Hürriyet Gazetesi’nden sevgili arkadaşım Fulya Soybaş olayı manşete taşıyınca daha bir elle tutulur, gözle görülür hale gelen boykot kararı umarım tüm ülkede başarıyla uygulanır. Çünkü bir İzmirli olarak söylüyorum artık İzmir, İstanbul'dan daha vahim durumda...

Turisti de, geliri de, gideri de üst segment olan İstanbul’un fiyat politikası yer yer değişiyor. Bu durumun mantıkla açıklanabilecek yönleri bir derece mantıklı ama İzmirli olarak benim beynimde yankılanan şu ki: “Hayırdır ya biz İzmiriz”

Bir çorba olmuş 200 tl.. Bakın lüks yerlerden bahsetmiyorum, alelade dükkan bunlar. Çorbanın 200 lira olduğu yerde pide, kebap fiyatları kaç para siz hesap edin.

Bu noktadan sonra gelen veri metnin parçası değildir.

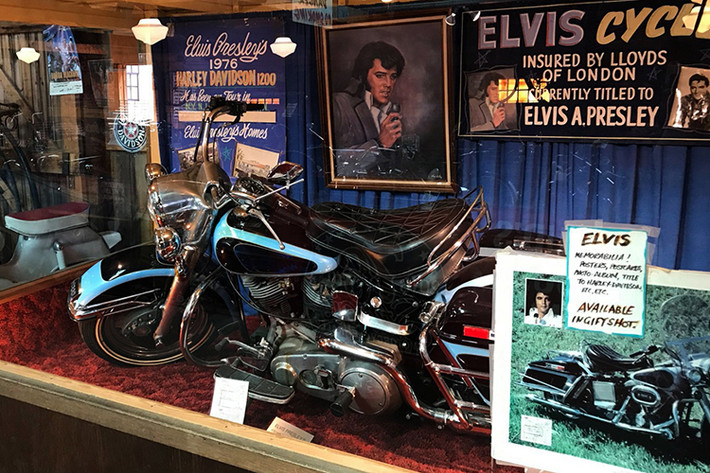 Với mức giá sau khi thành công - Harley-Davidson FLH 1200 Electra Glide đã trở thành một trong những mẫu môtô đắt giá nhất từng được rao bán khi về tay chủ nhân mới với mức giá kỷ lục 800.000 USD (tương đương 18,5 tỷ đồng).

Ama Alsancak ya da Pasaport’ta çalışıyorsanız ki İzmir’in iş merkezi buralar o yüzden zaten hergün bu fiyatları ödüyorsunuzdur...

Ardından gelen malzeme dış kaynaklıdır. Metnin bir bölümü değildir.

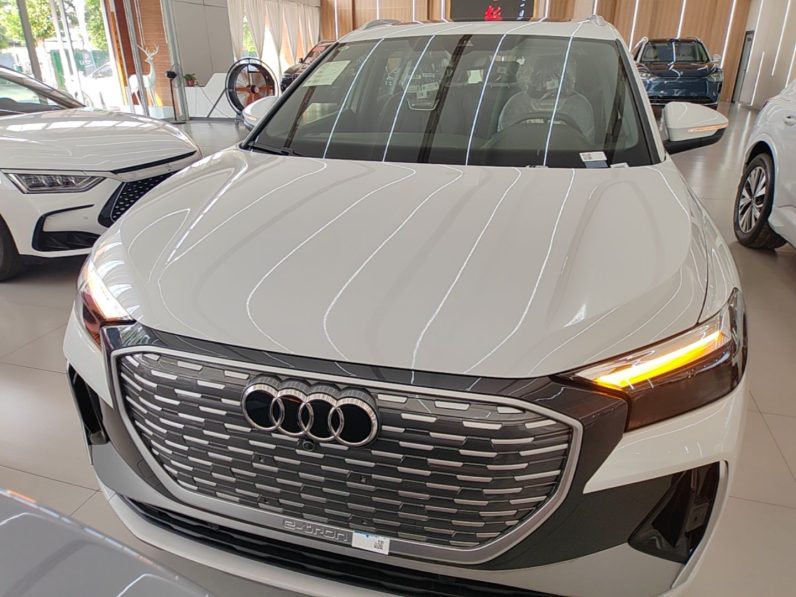 
								Audi Q4 e-tron 2024 40 e-tron Adventure Edition full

Bir tabak makarna 250 lira. Ya bu hangi enflasyonla izah edilebilir. Yüzde bin kar demek bu. Enflasyon işte tam da burada başlıyor. Şimdi cadde üstü dükkanlar kira maliyetlerini bahane ediyor. Peki sen daha çok iş yapasın diye en işlek yerde tuttuğun dükkanın kirasını ben mi ödeyeceğim? 

Ancak ve maalesef ara sokaklardaki dükkanlarda aynı fiyat politikasını benimsemiş, nasılsa herkes bu fiyatlara alıştı mantığıyla onlar da yolunda devam ediyor. Bu konuda en mütevazi yerler, unlu mamüller kalıyor. İzmir’de marka olmuş 3 kazıkçı dışında gevrek, boyoz 10 hatta 8 lira. Sağolsunlar.

Bu boykotun iyi bir katılımla devleti de harekete geçirmesini umuyorum ya da şu modernizm maskesini çıkaralım ve sefertası dönemine geri dönelim.